A firearms specialist has testified that Oscar Pistorius had a good knowledge of the rules of using a gun and dealing with intruders.
The trial entered its third week on Monday with the Paralympic athlete denying the premeditated murder of Reeva Steenkamp last year, claiming he mistook her for an intruder.
The prosecution claim Mr Pistorius intentionally shot Ms Steenkamp after an argument at his house in the early hours of Valentine's Day 2013.
Sean Patrick Rens sold a Smith and Wesson 500 to Mr Pistorius after meeting him through a mutual friend in 2012. Mr Rens is is an assessor for firearm licenses.
Mr Rens read out the competency questionnaire and the examination given to Mr Pistorius upon his application to be issued with a firearm.
The South African Olympian answered every question correctly, including one about when you are legally allowed to shoot an intruder.
"There is no security gate between you and the burglars. They are armed and they advance towards you. Can you discharge your firearm because you fear for your life?," one question read.
Mr Pistorius replied: "Yes".
The next question was: "Explain the legal requirements when using a firearm for private use."
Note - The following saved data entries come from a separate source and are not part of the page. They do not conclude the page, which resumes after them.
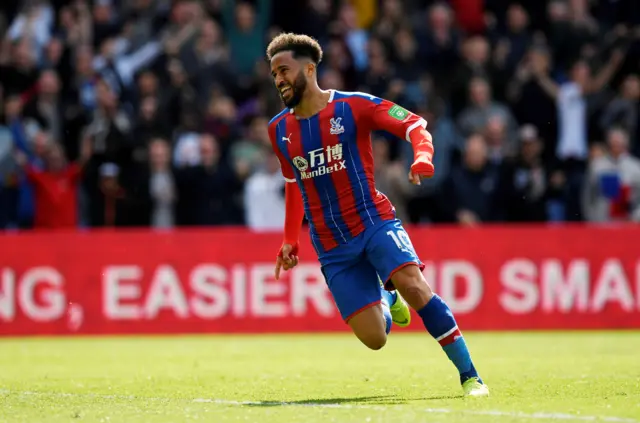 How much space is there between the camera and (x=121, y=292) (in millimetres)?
16359

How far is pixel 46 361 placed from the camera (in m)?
12.8

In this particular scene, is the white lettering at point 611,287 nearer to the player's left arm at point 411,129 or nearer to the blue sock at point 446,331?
the blue sock at point 446,331

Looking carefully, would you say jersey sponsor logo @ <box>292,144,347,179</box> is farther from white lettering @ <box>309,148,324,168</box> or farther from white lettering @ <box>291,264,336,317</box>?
white lettering @ <box>291,264,336,317</box>

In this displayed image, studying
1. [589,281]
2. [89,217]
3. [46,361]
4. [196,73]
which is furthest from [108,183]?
[589,281]

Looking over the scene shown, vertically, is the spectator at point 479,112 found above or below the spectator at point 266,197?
above

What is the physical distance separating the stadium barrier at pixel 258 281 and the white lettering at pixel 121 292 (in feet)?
0.04

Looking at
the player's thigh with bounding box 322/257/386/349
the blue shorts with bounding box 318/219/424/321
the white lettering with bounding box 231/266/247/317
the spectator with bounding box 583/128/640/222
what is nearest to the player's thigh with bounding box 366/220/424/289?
the blue shorts with bounding box 318/219/424/321

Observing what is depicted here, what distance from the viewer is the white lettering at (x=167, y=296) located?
16.3m

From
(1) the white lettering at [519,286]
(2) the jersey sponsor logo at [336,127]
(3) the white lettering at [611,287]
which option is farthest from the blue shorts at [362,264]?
(3) the white lettering at [611,287]

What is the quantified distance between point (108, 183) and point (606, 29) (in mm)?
8573

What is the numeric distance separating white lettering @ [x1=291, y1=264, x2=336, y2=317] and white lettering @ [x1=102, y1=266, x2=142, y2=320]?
1990 mm

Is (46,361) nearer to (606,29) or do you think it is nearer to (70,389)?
(70,389)

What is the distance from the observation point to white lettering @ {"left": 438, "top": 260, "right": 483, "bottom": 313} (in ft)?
54.3

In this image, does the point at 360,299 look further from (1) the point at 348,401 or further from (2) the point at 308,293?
(2) the point at 308,293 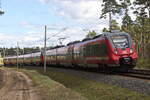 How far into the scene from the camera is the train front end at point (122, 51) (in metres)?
22.6

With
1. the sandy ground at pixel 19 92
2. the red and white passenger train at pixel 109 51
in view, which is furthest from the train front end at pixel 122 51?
the sandy ground at pixel 19 92

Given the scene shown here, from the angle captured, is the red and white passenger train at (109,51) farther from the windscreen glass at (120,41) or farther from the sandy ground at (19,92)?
the sandy ground at (19,92)

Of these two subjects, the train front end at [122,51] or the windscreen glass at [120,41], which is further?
the windscreen glass at [120,41]

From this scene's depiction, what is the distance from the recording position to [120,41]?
23547 millimetres

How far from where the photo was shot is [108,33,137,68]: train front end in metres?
22.6

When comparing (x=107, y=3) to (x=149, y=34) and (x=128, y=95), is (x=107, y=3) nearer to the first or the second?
(x=149, y=34)

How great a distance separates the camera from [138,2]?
47.0m

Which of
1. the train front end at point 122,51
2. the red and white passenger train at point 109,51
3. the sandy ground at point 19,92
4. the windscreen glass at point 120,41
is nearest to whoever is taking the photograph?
the sandy ground at point 19,92

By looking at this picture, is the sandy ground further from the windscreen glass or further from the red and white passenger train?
the windscreen glass

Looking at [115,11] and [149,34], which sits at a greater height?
[115,11]

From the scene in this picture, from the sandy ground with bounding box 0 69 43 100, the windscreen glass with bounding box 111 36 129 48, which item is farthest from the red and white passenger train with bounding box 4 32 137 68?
the sandy ground with bounding box 0 69 43 100

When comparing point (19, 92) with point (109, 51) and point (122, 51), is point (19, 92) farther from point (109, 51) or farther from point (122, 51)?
Answer: point (122, 51)

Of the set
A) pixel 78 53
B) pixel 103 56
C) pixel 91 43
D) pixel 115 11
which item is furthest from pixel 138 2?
pixel 103 56

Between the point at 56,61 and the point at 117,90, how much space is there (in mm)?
35861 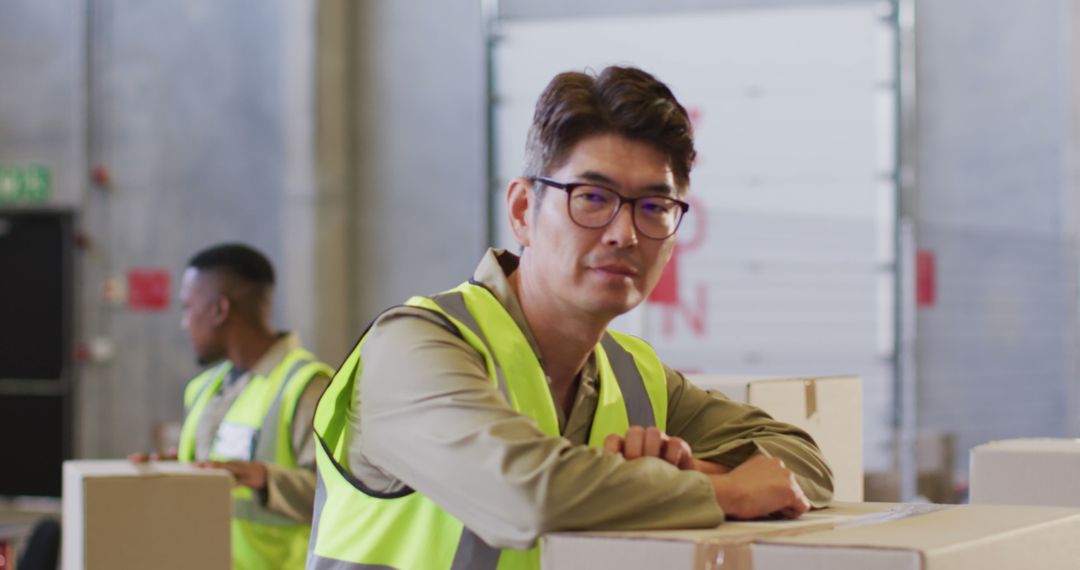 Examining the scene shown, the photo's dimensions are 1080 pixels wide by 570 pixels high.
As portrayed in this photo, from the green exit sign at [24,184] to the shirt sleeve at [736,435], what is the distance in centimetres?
758

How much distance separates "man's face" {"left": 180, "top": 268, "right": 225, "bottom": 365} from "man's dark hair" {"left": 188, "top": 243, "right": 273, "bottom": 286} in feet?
0.14

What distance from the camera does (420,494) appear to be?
5.98ft

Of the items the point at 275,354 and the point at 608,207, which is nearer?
the point at 608,207

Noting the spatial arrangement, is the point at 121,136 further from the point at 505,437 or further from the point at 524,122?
the point at 505,437

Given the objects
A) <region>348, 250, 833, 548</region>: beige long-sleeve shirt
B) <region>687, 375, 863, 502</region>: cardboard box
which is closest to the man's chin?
<region>687, 375, 863, 502</region>: cardboard box

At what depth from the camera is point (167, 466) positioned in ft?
10.3

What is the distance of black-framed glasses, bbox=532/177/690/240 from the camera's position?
1973 mm

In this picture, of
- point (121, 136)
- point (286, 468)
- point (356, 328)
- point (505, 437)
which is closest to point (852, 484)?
point (505, 437)

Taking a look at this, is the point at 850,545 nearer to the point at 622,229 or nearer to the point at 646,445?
the point at 646,445

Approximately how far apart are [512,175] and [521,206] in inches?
247

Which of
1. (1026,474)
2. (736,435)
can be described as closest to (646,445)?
(736,435)

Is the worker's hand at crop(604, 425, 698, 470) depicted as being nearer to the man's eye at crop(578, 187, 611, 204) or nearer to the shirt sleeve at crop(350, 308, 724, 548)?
the shirt sleeve at crop(350, 308, 724, 548)

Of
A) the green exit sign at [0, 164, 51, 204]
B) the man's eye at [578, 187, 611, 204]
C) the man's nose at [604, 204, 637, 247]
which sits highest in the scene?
the green exit sign at [0, 164, 51, 204]

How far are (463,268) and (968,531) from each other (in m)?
7.21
Mr Pistorius answered: "Attack must be against you, it must be unlawful, it must be against persons."
Another, more crucial and relevant question involved target identification to which Pistorius responded: "Always know your target and what lies behind."
Mr Rens also testified that Mr Pistorius had once told him about entering "code red", or "combat mode", after believing an intruder had entered his property. Mr Pistorius drew his gun before clearing the house and checking rooms. According to Mr Rens, it turned out to be the tumble dryer.
Another witness called today was police crime scene photographer Bennie Van Staden, whom defence lawyer Barry Roux accused of not labelling his pictures correctly.
Mr Van Staden admitted to moving some objects of the crime scene around of visibility and rejected claims that his photo timeline was jumbled and unclear.
The trial has been adjourned until Tuesday and is expected to call on more than 100 witnesses. An extension on the initial three week predication looks set to be extended.
If found guilty Mr Pistorius could face life imprisonment.